(Brief descriptive captions)
————

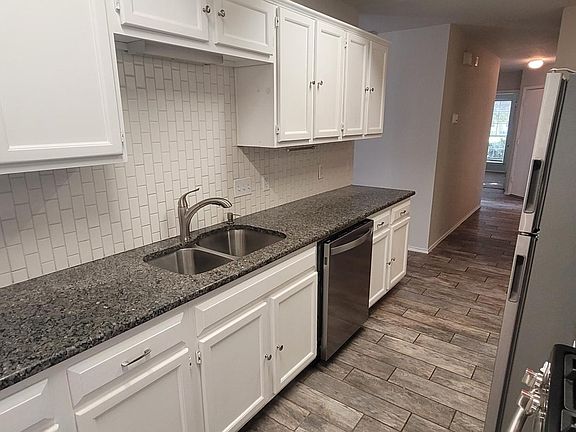 Modern kitchen featuring granite countertops, stainless steel appliances, and white cabinetry. Includes a gas stove, microwave, and spacious refrigerator. Elegant tile flooring and ample storage space create a functional and stylish cooking area.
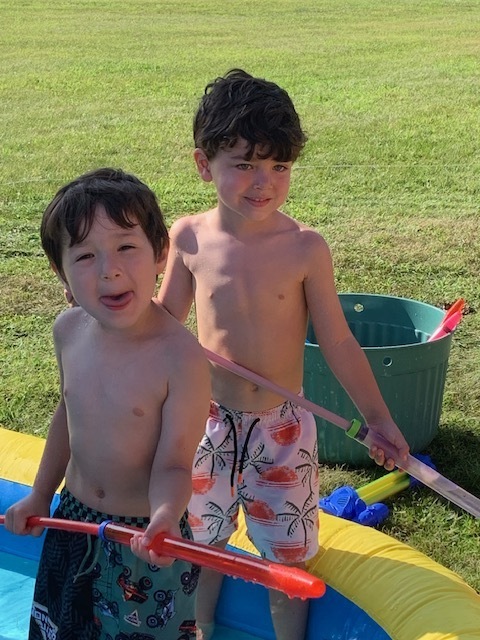 two elementary students in pool playing with pool toys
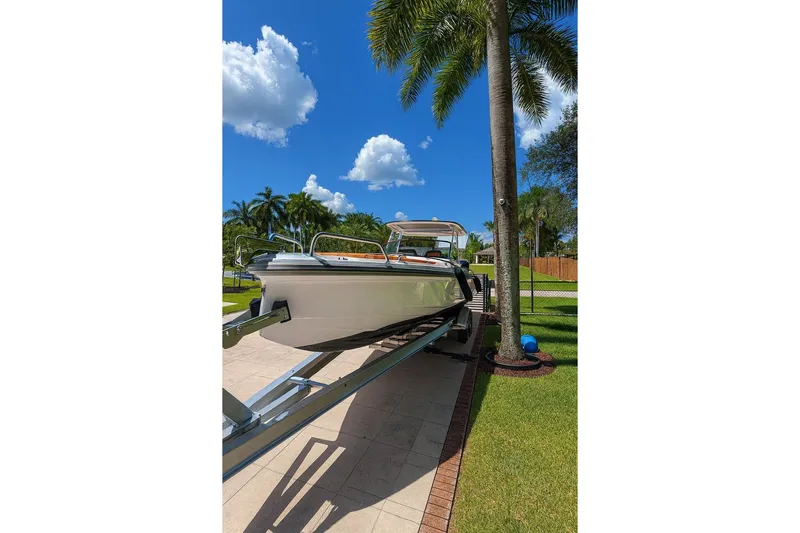  Yacht Photos Pics 2024 Axopar 28TT boat on trailer, surrounded by palm trees and blue sky.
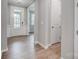 Welcoming entryway with hardwood floors and view into living spaces at 9934 Cask Way, Huntersville, NC 28078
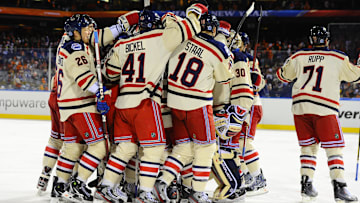 Jan 2, 2012; Philadelphia, PA, USA; New York Rangers players mob goalie Henrik Lundqvist (30) and celebrate after the 2012 Winter Classic against the Philadelphia Flyers at Citizens Bank Park.  The Rangers won 3-2. Mandatory Credit: Dale Zanine-Imagn Images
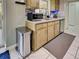 Kitchen features stainless steel appliances, granite countertops, and tile backsplash at 21519 Fairway Ave, Port Charlotte, FL 33952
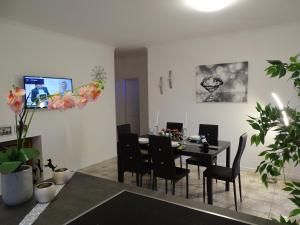 a dining room with a black table and chairs at Lifestyle Balaton in Siófok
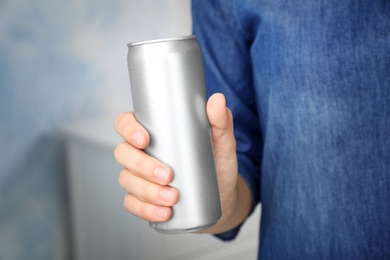 Woman holding aluminum can with beverage on blurred background, closeup. Space for design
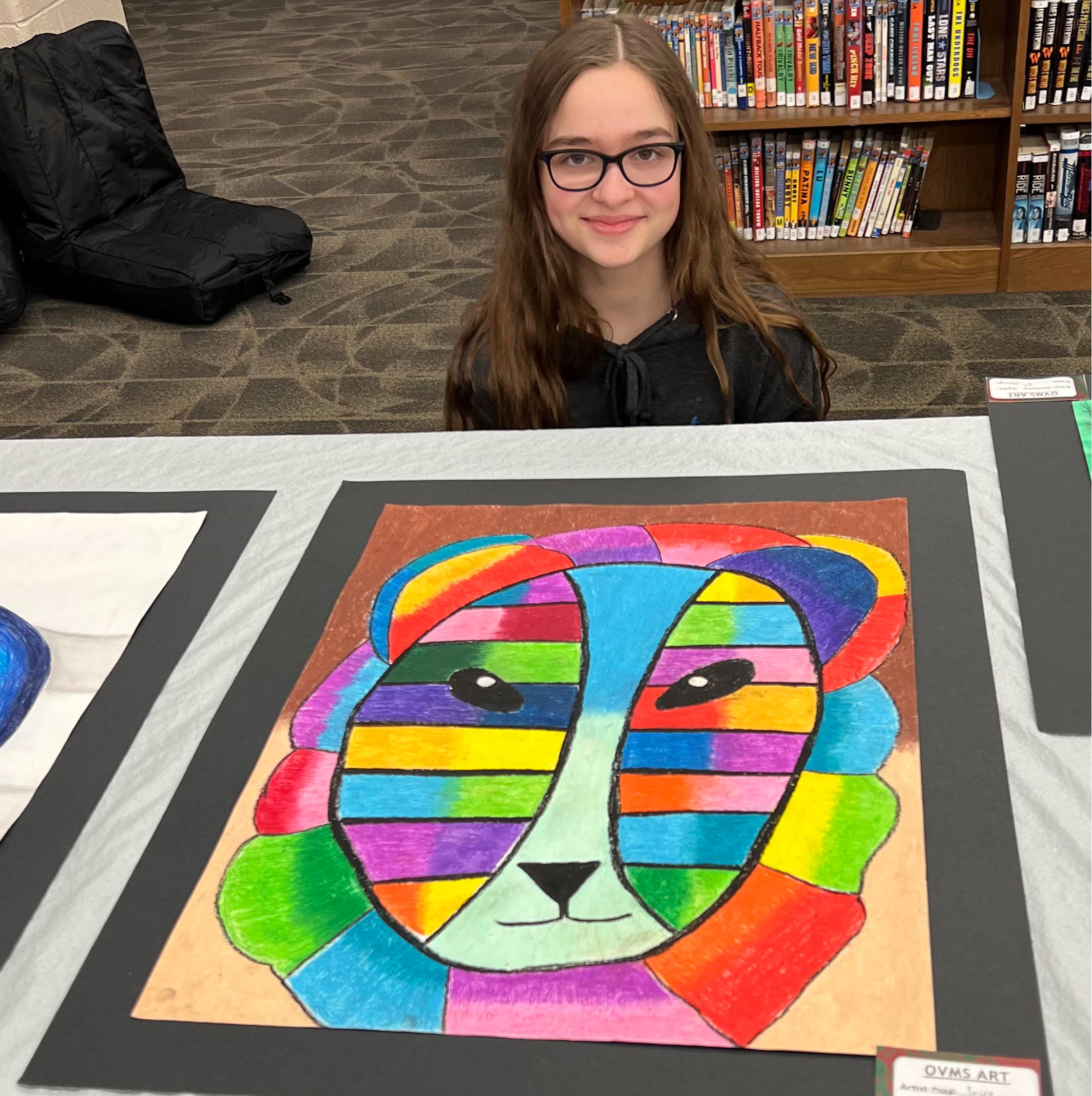 Girl with colorful drawing of lion face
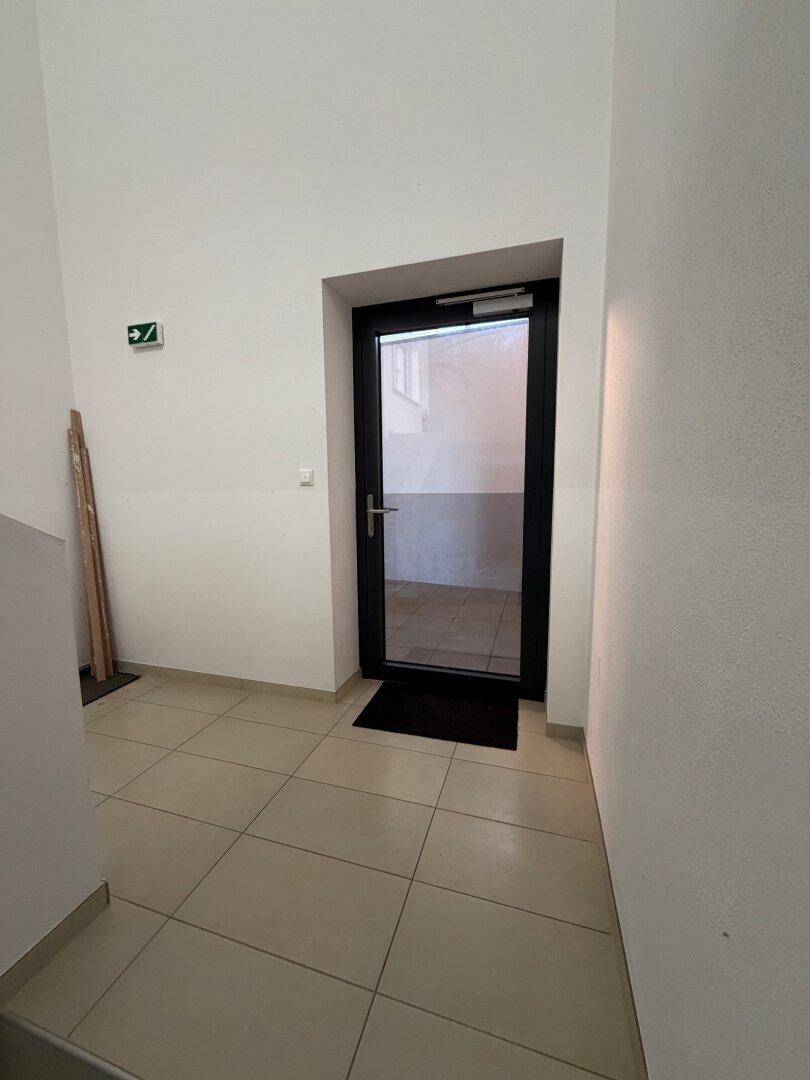 Heller Flur mit Fliesenboden und einer modernen schwarzen Glastür.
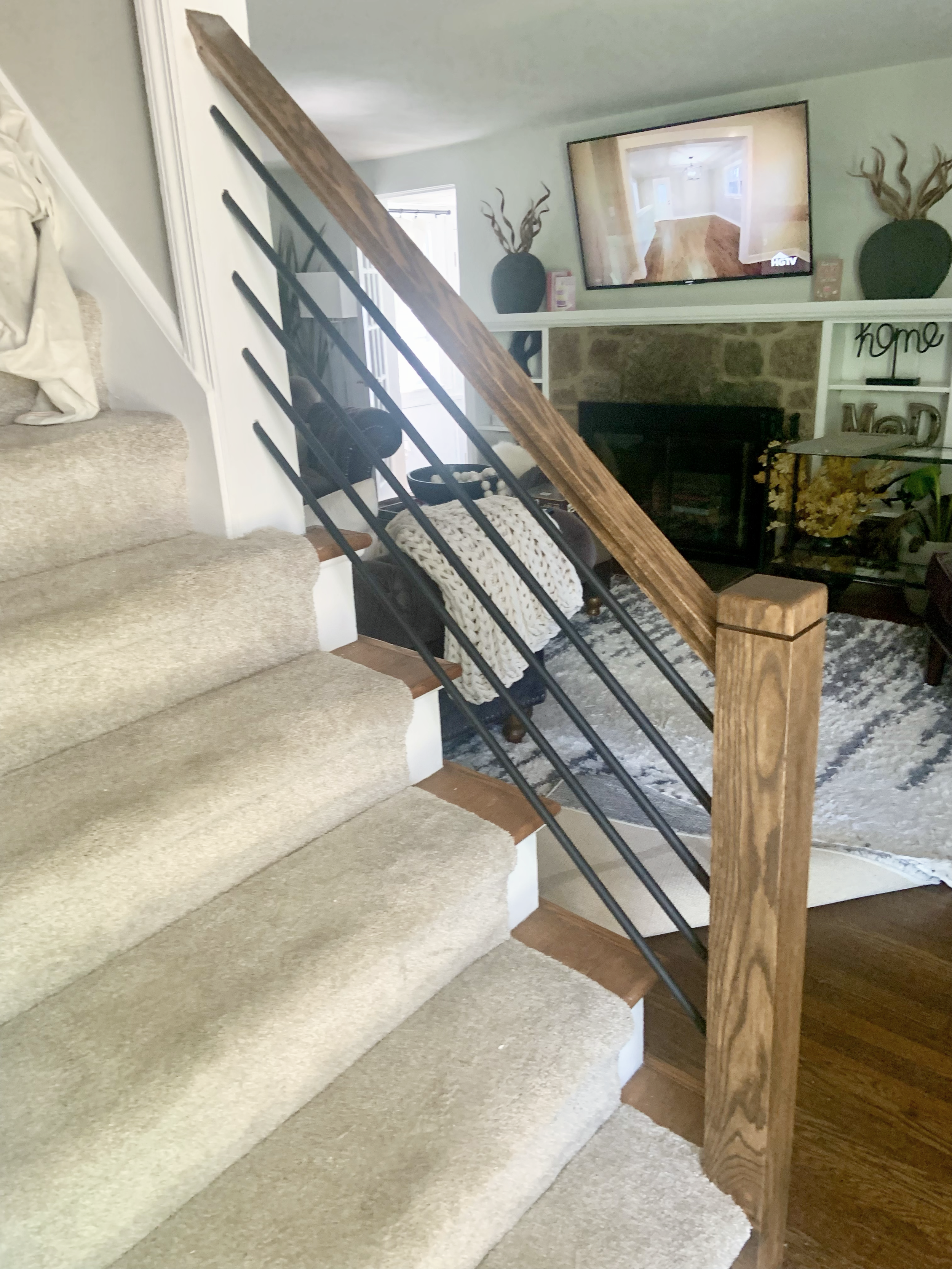 A staircase with beige carpeted steps and a wooden handrail with black metal balusters in a living room. In the background, there is a wall-mounted TV, a fireplace, and decorative items.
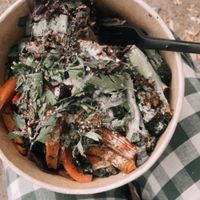 Sourdough bread with hummus, tahin and krautenöl, the bread is hidden under all the veggies. So good!! at ÆNDRÈ in Hamburg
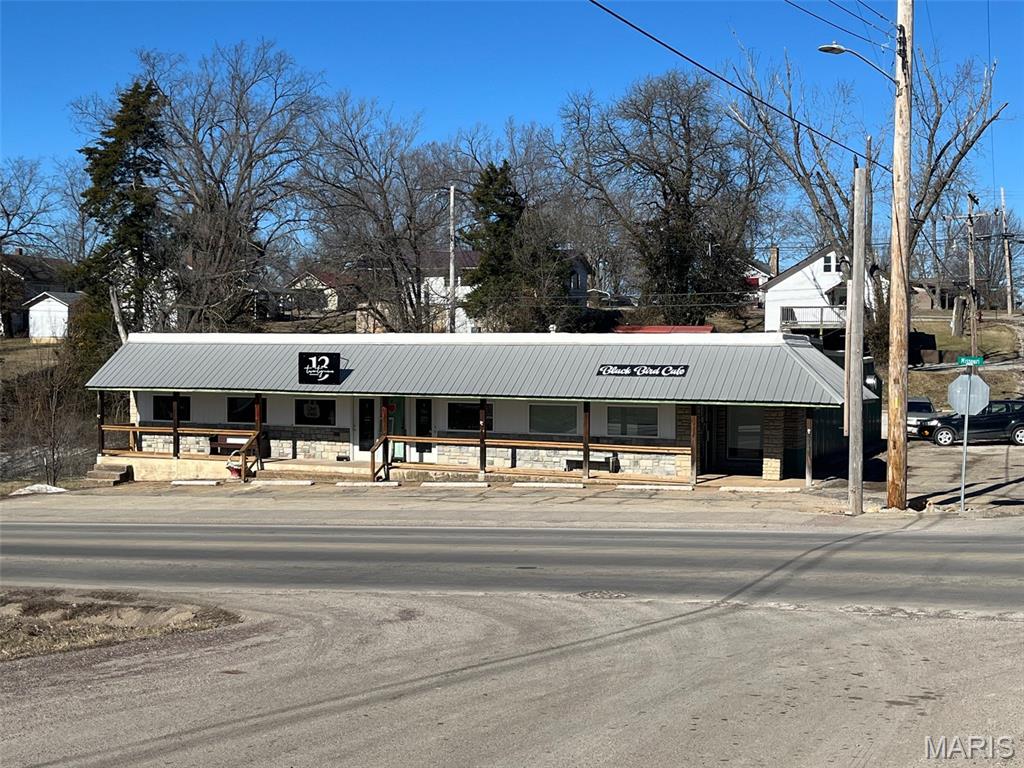 MOTIVATED SELLERS! Here is a great investment property!  The building has had a bunch of updates done; new roof (with 20 year warranty), windows, doors, siding, stonework... The long term renter has taken such good care and has a perfect set up for what they do. The restaurant side has 1.5 bathrooms. There are two more rentals (currently empty) with each having their own half bathrooms for rent. Possiblities are endless!  The tenants pay their own utilities. Looking for a great way to make an investment for your future.... Here you go!! Location: City, Corner, High Traffic!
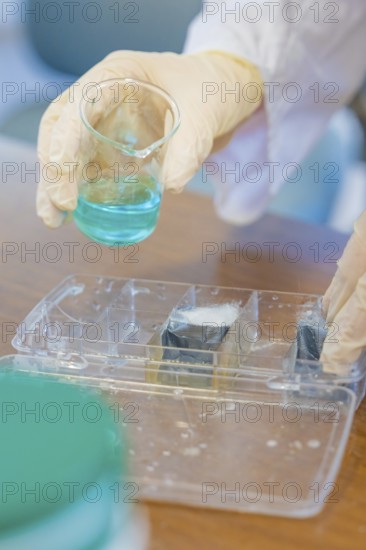 Person in gloves holding a beaker with blue liquid over a tub, Battery Research, Nagold, Germany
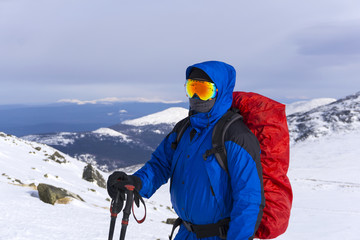 Fototapeta na wymiar mountaineer in mirror wind-proof glasses and a windproof mask with a backpack on a background of a winter mountain landscape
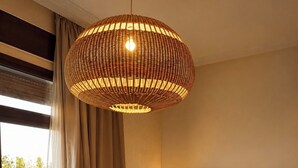 Hotellihuone, jossa on sänky, riippuvalaisin, yöpöytä, seinään kiinnitetty lamppu ja näkymä ulkoalueelle.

————

*REQUIRED WORK*. Write out nothing but the lines from the start of the data through the line with "Sourdough bread with". Leave out the pictures.

*OUTPUT FOR THIS TASK*.
 Modern kitchen featuring granite countertops, stainless steel appliances, and white cabinetry. Includes a gas stove, microwave, and spacious refrigerator. Elegant tile flooring and ample storage space create a functional and stylish cooking area.
 two elementary students in pool playing with pool toys
  Yacht Photos Pics 2024 Axopar 28TT boat on trailer, surrounded by palm trees and blue sky.
 Welcoming entryway with hardwood floors and view into living spaces at 9934 Cask Way, Huntersville, NC 28078
 Jan 2, 2012; Philadelphia, PA, USA; New York Rangers players mob goalie Henrik Lundqvist (30) and celebrate after the 2012 Winter Classic against the Philadelphia Flyers at Citizens Bank Park.  The Rangers won 3-2. Mandatory Credit: Dale Zanine-Imagn Images
 Kitchen features stainless steel appliances, granite countertops, and tile backsplash at 21519 Fairway Ave, Port Charlotte, FL 33952
 a dining room with a black table and chairs at Lifestyle Balaton in Siófok
 Woman holding aluminum can with beverage on blurred background, closeup. Space for design
 Girl with colorful drawing of lion face
 Heller Flur mit Fliesenboden und einer modernen schwarzen Glastür.
 A staircase with beige carpeted steps and a wooden handrail with black metal balusters in a living room. In the background, there is a wall-mounted TV, a fireplace, and decorative items.
 Sourdough bread with hummus, tahin and krautenöl, the bread is hidden under all the veggies. So good!! at ÆNDRÈ in Hamburg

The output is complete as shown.